-- EXERCISE BRIEF --
Please write out the whole listing that follows exactly; the pictures stay out.

═══ DATA SHOWN ═══

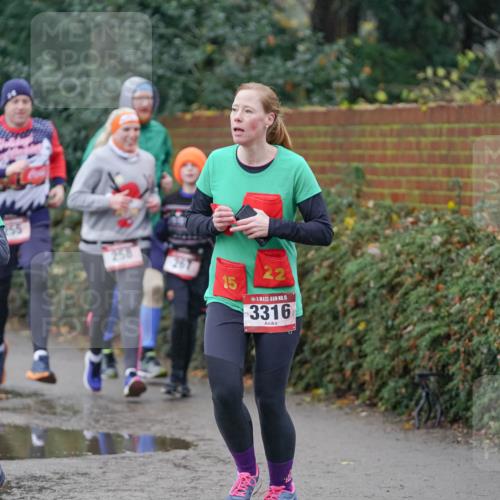 07.12.2025 - St. Pauli X-Mass-Run No. 15 Michael Burmester http://msf.ph/oto/9411000 07.12.2025 11:41:20 Laufen 19, 15, 3317, 255, 258, 267, 15, 22, 15, 3316 meine-sportfotos.de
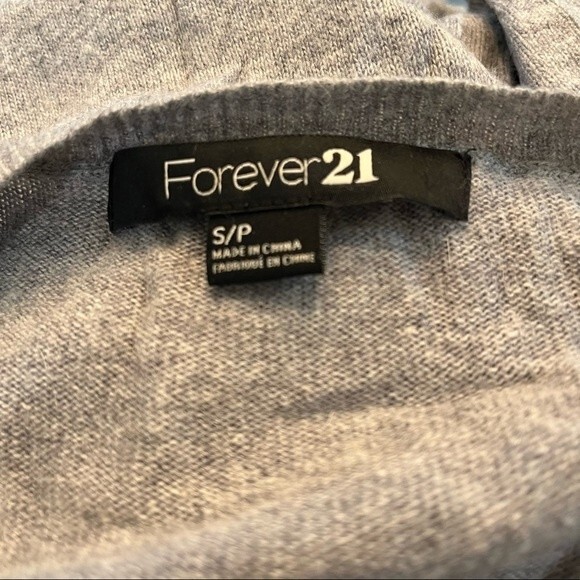 Forever 21 Grey Wool Blend LOVE Studded 3/4 Sleeve Sweater Small - Picture 4 of 7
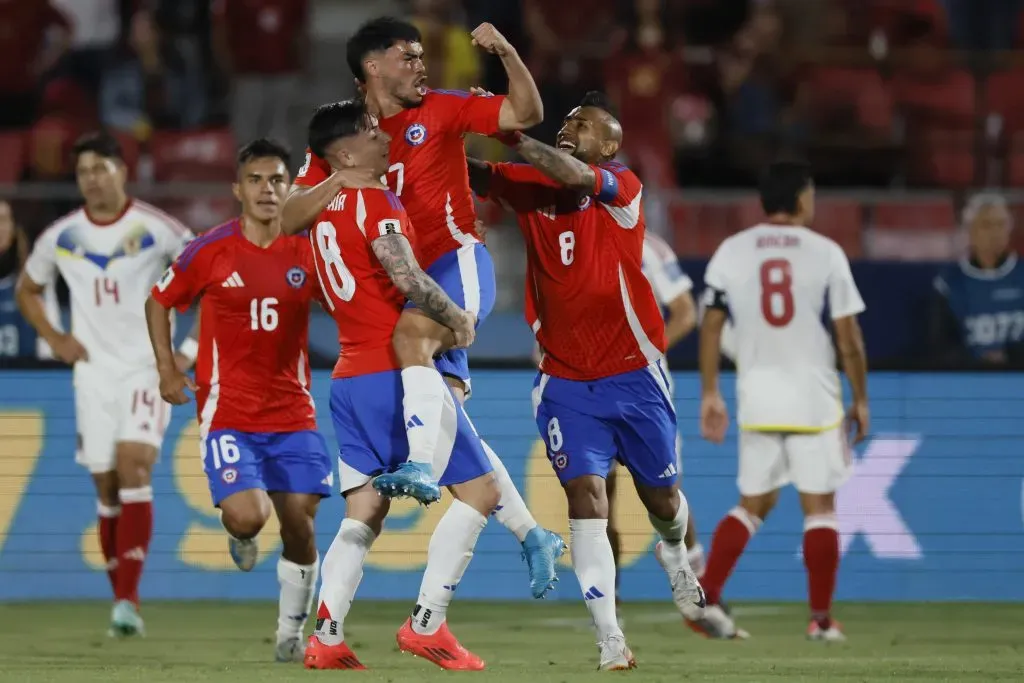 La selección chilena debe ganar y esperar dos resultados más en esta fecha 14 de Eliminatorias. | Foto: Photosport.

═══

-- EXPECTED ANSWER --
 07.12.2025 - St. Pauli X-Mass-Run No. 15 Michael Burmester http://msf.ph/oto/9411000 07.12.2025 11:41:20 Laufen 19, 15, 3317, 255, 258, 267, 15, 22, 15, 3316 meine-sportfotos.de
 Forever 21 Grey Wool Blend LOVE Studded 3/4 Sleeve Sweater Small - Picture 4 of 7
 La selección chilena debe ganar y esperar dos resultados más en esta fecha 14 de Eliminatorias. | Foto: Photosport.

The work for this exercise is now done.